■ What is expected ■
Among the lines below, output only those between the line holding "Marco de fotos de estilo" and the line holding "BELLA BELLY Světle", inclusive, exactly as written and with no pictures.

Source material section start

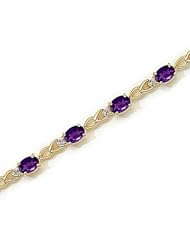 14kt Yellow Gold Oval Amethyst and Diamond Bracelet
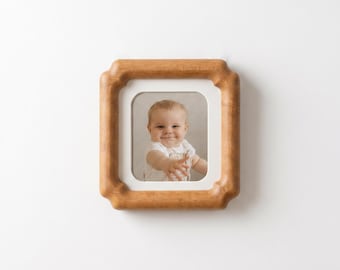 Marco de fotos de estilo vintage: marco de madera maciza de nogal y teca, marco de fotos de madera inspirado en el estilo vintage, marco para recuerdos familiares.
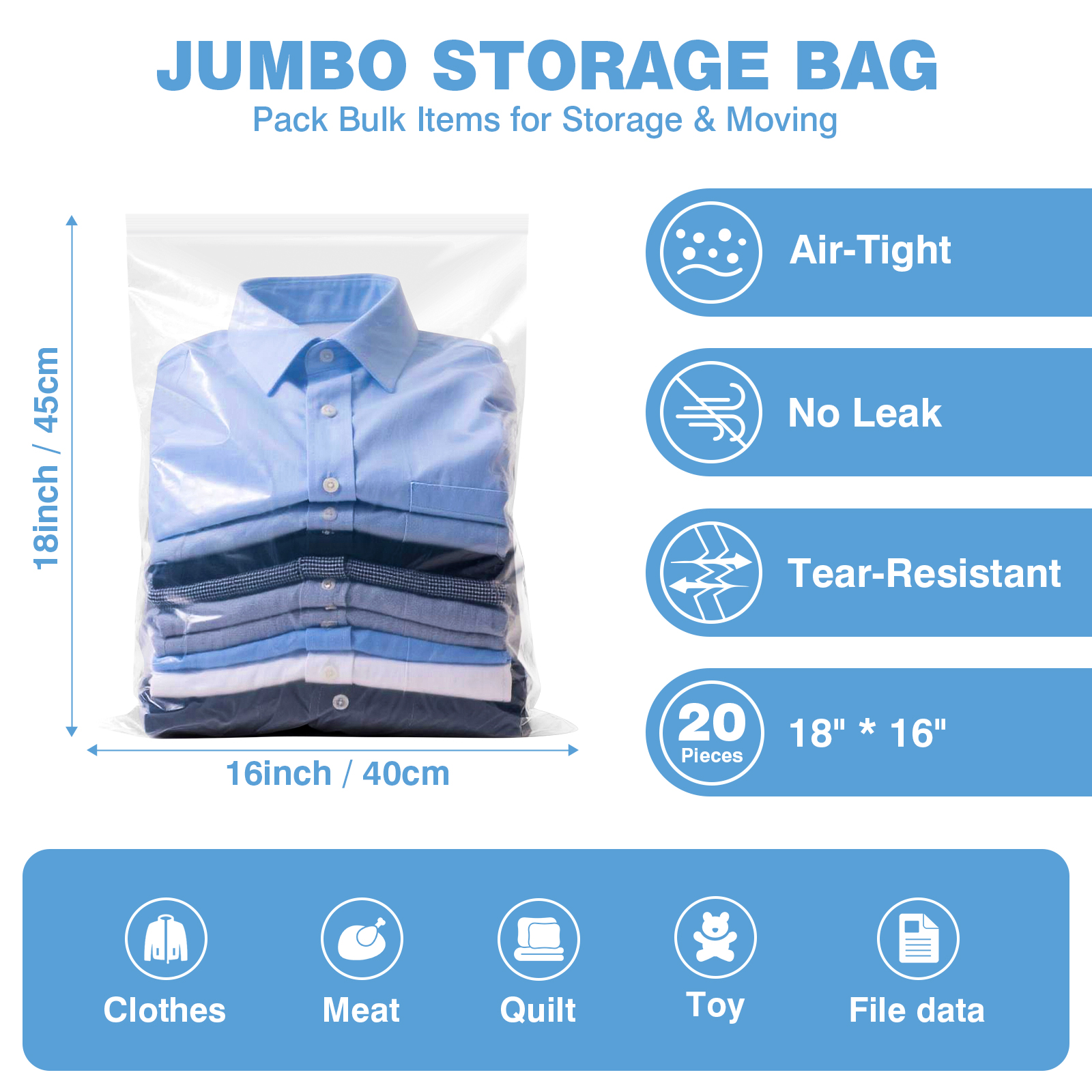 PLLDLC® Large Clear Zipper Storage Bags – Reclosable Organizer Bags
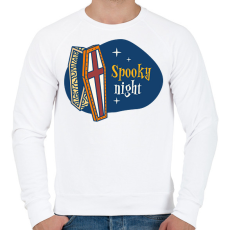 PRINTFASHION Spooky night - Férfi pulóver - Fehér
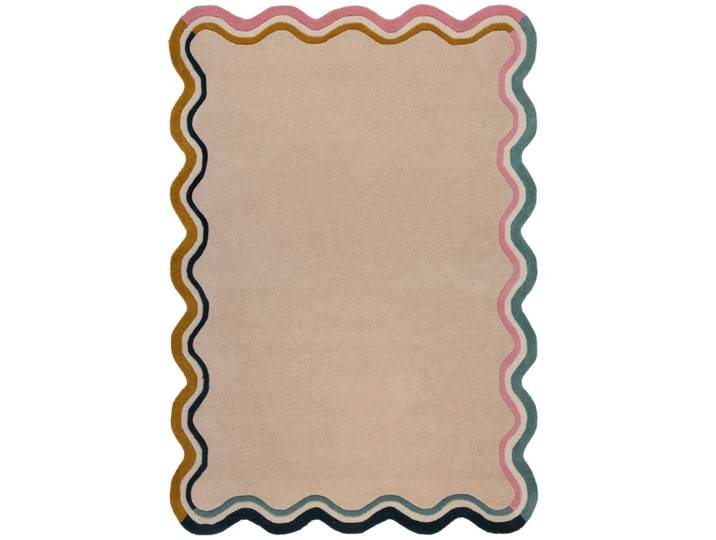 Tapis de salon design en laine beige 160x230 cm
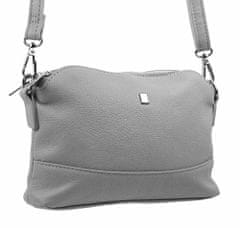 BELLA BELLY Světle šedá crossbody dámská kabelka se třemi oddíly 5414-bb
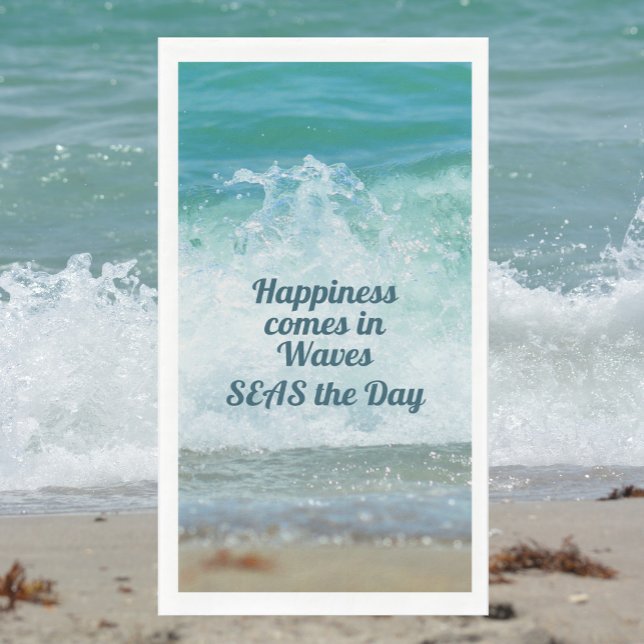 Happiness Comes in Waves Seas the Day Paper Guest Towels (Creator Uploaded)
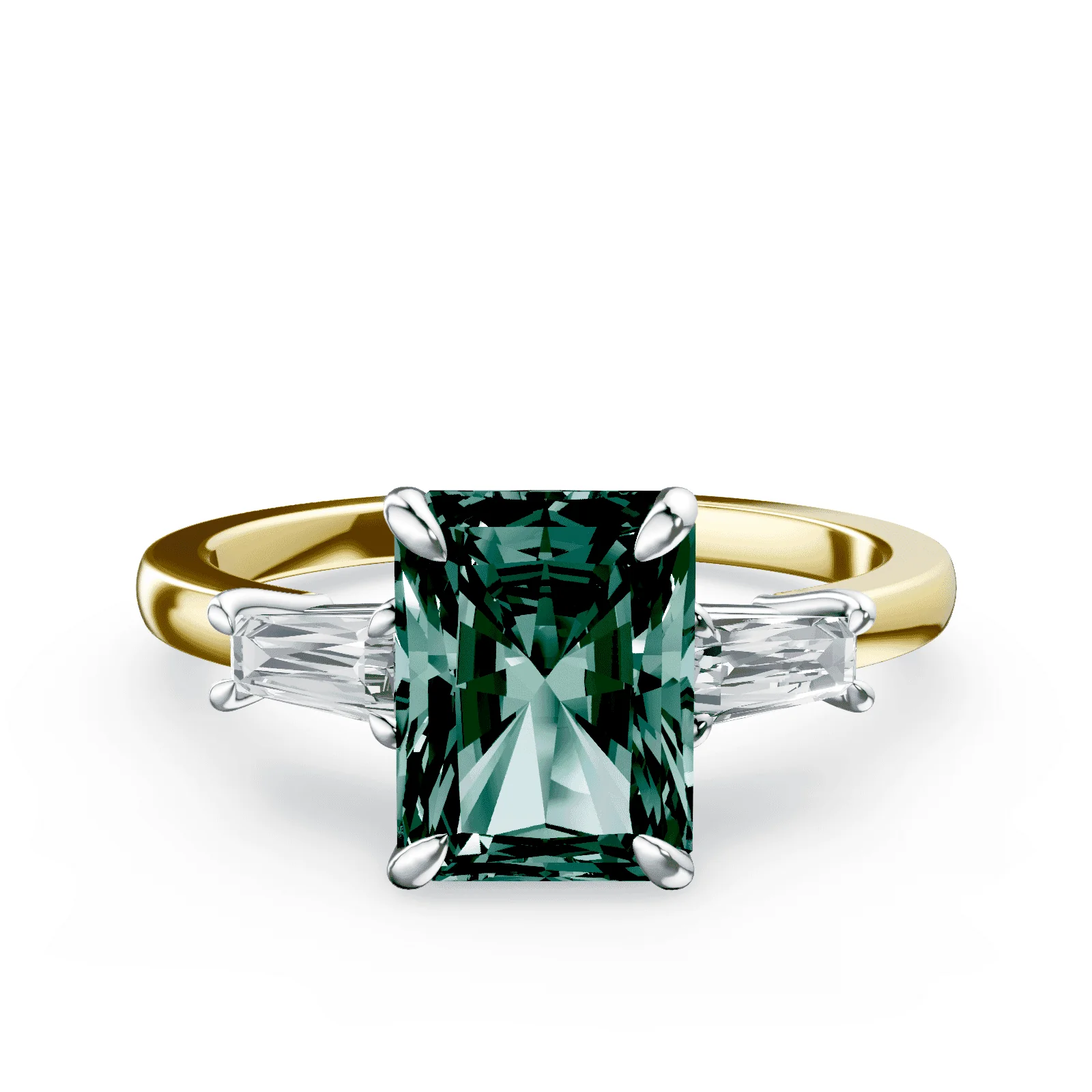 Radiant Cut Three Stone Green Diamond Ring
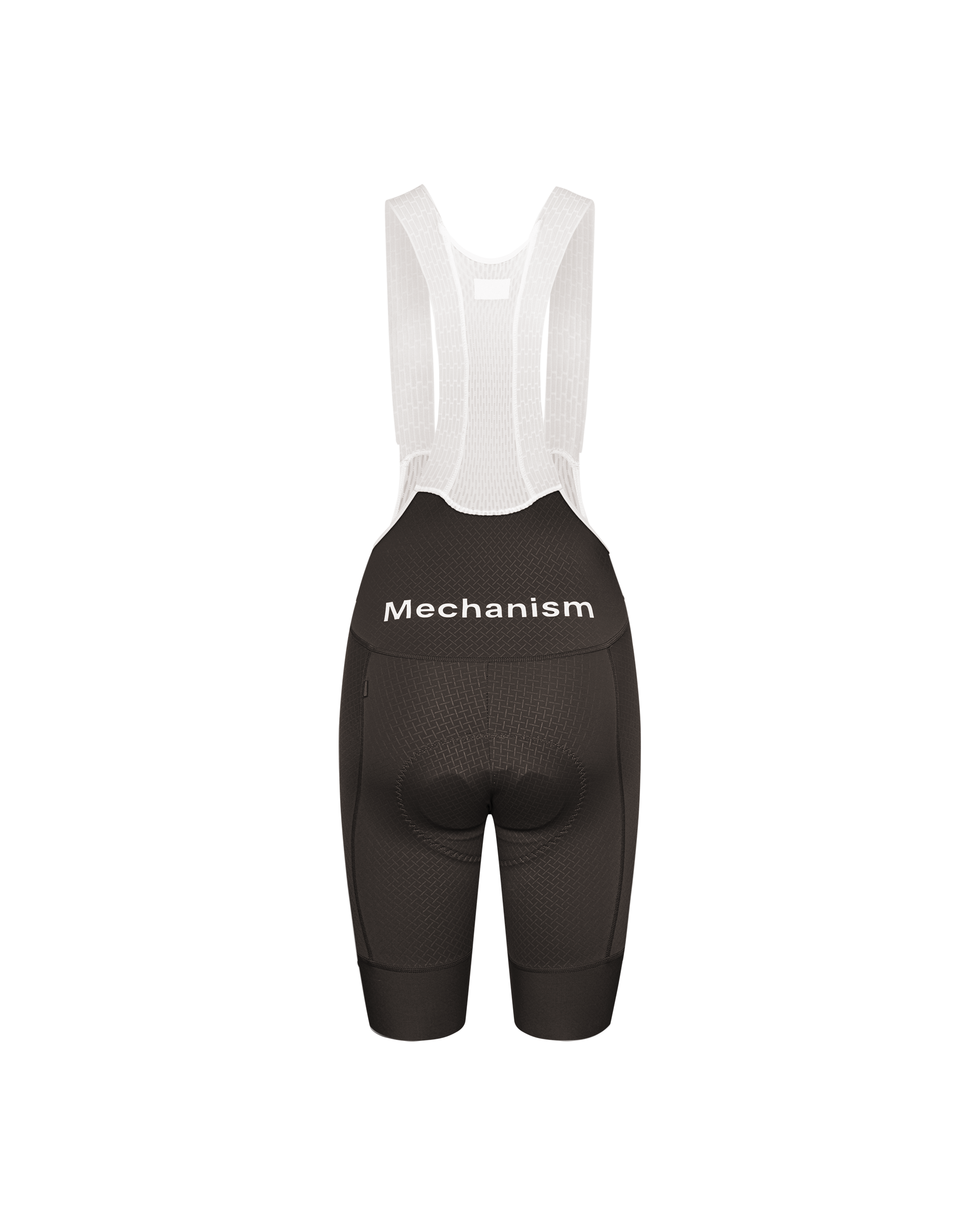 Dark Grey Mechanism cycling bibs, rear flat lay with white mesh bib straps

Source material section end

■ Answer for the task ■
 Marco de fotos de estilo vintage: marco de madera maciza de nogal y teca, marco de fotos de madera inspirado en el estilo vintage, marco para recuerdos familiares.
 PLLDLC® Large Clear Zipper Storage Bags – Reclosable Organizer Bags
 PRINTFASHION Spooky night - Férfi pulóver - Fehér
 Tapis de salon design en laine beige 160x230 cm
 BELLA BELLY Světle šedá crossbody dámská kabelka se třemi oddíly 5414-bb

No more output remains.